I’m fine now. It happens. It happened to me. And these are the reasons it happened:
1. The field was sparser than expected because it had been rescheduled
2. The marshals were on the wrong bridge
3. I had last year’s map with the wrong marshal contact on it
4. I had no phone. (This was irrelevant as there was no signal in the valley but might have come in handy when we got higher up and I could have phoned FRB to ask him to tell the race organizers we were safe. Then I would not have run for a few miles intensely worried that everyone would think we were missing or injured.)
5. My map was not detailed enough to show bridges, and because the race route had been traced in yellow, it obscured details. That’s my excuse.

These are all reasons. But it was entirely my fault that I got lost. Because:
1. I didn’t have time to recce
2. I didn’t study the route because I made assumptions that it would be flagged throughout and that I would have people to follow. I should not rely on flags, and there is no obligation on fell race organizers to flag at all. So this was foolhardy of me
3. I did not get a grip of my confusion and just got in more of a state
4. I didn’t have an OS map with better detail

I have learned my lessons. Be better prepared. Never assume a race will be flagged.

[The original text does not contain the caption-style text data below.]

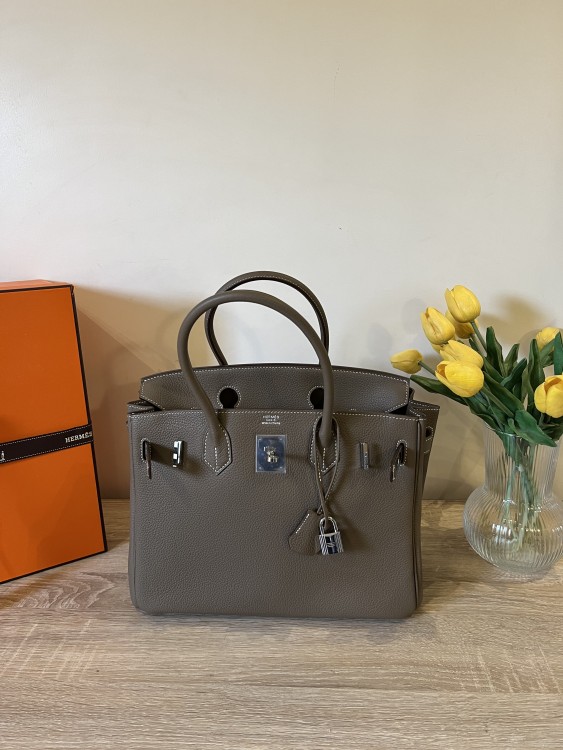 هيرميس (بيركن 30 هاردويرفضي ) Hermès (Birkin 30)
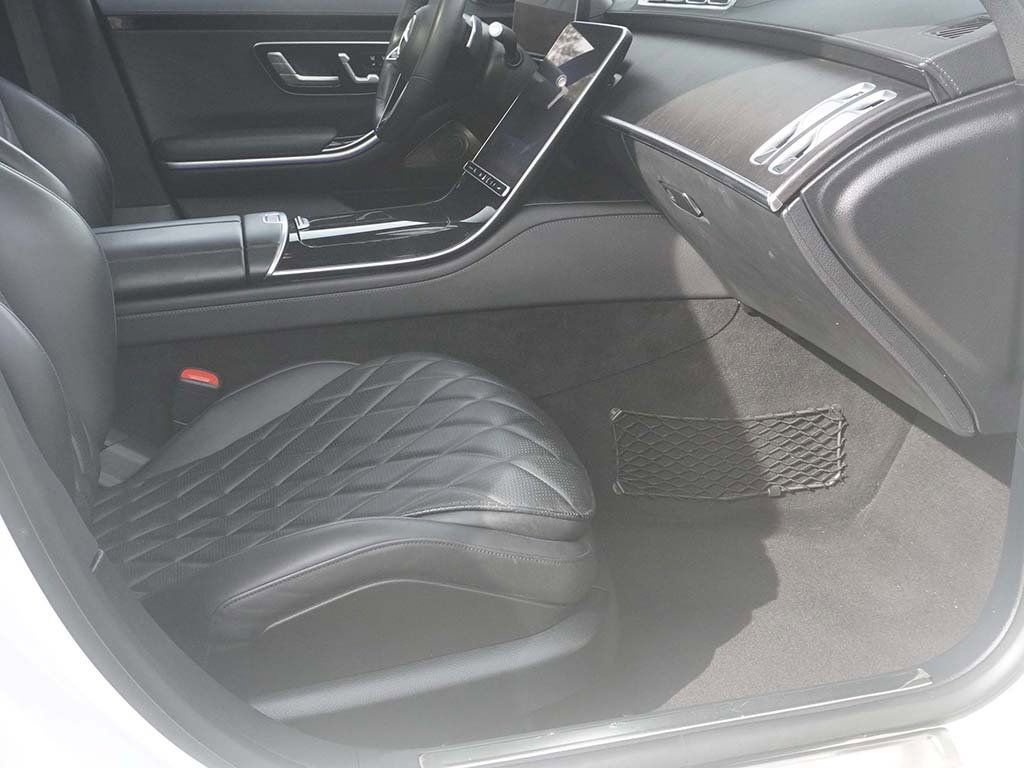 Used 2022 Mercedes-Benz S 580 4MATIC Sedan image 30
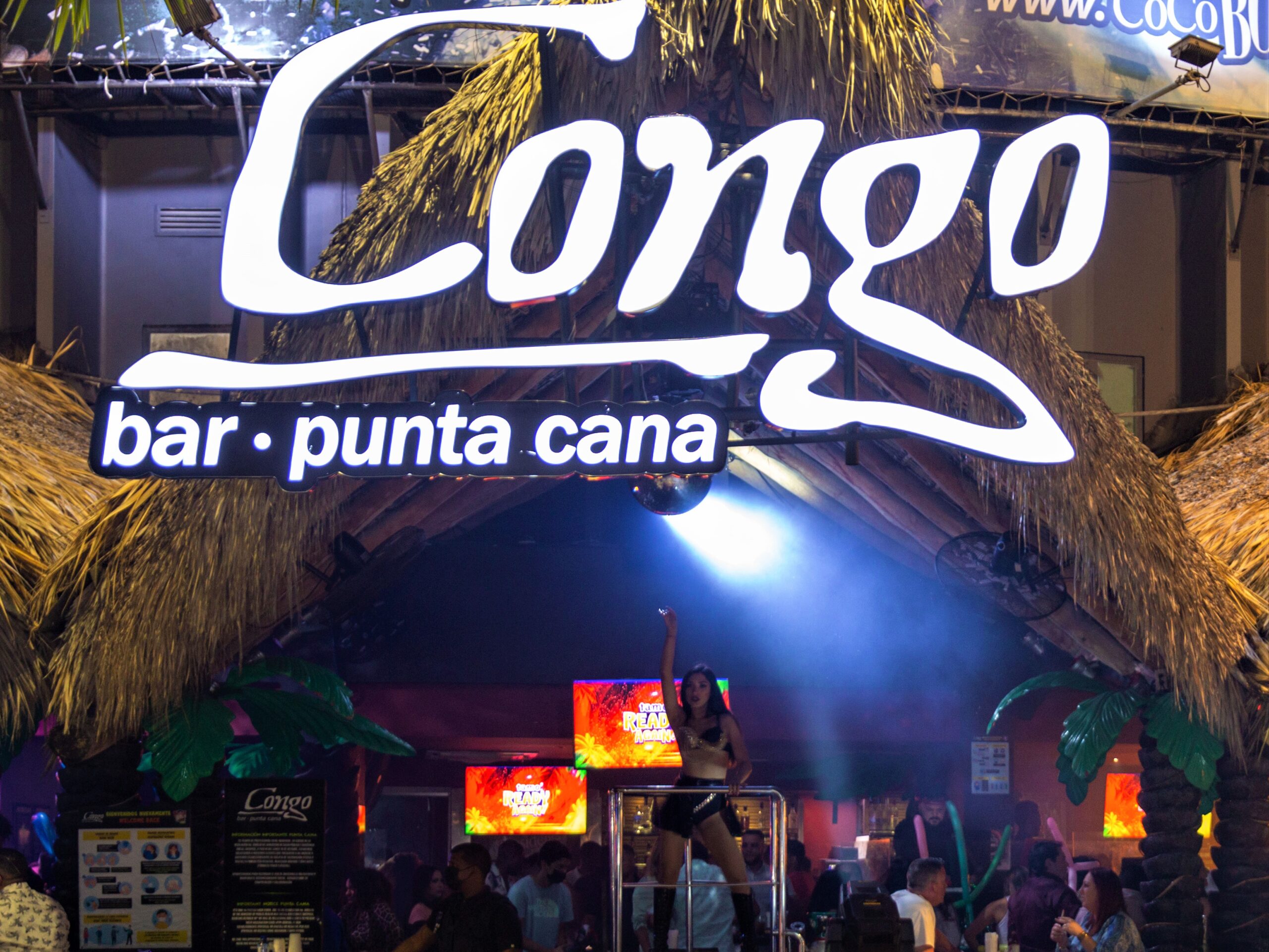 Festa Coco Bongo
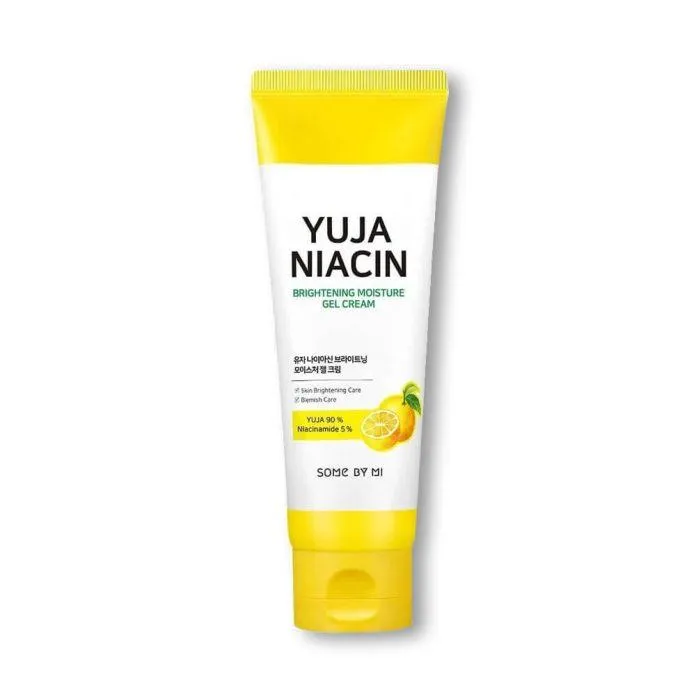 Kem dưỡng Some By Mi Yuja Niacin Brightening Moisture Gel Cream (Ảnh: Internet)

Never believe walkers who tell you they have seen lots of runners (though so many apparently got lost, perhaps this was true). Always believe there is some truth to your stress dreams, even if they get wrong which part of the race you will miss.

It hasn’t been my best racing day, but of all the days to get thoroughly lost, at least I chose one with glorious weather. Heptonstall is a fantastic race and I will be back next year and I might even finish this time. Also, I never got my flapjack.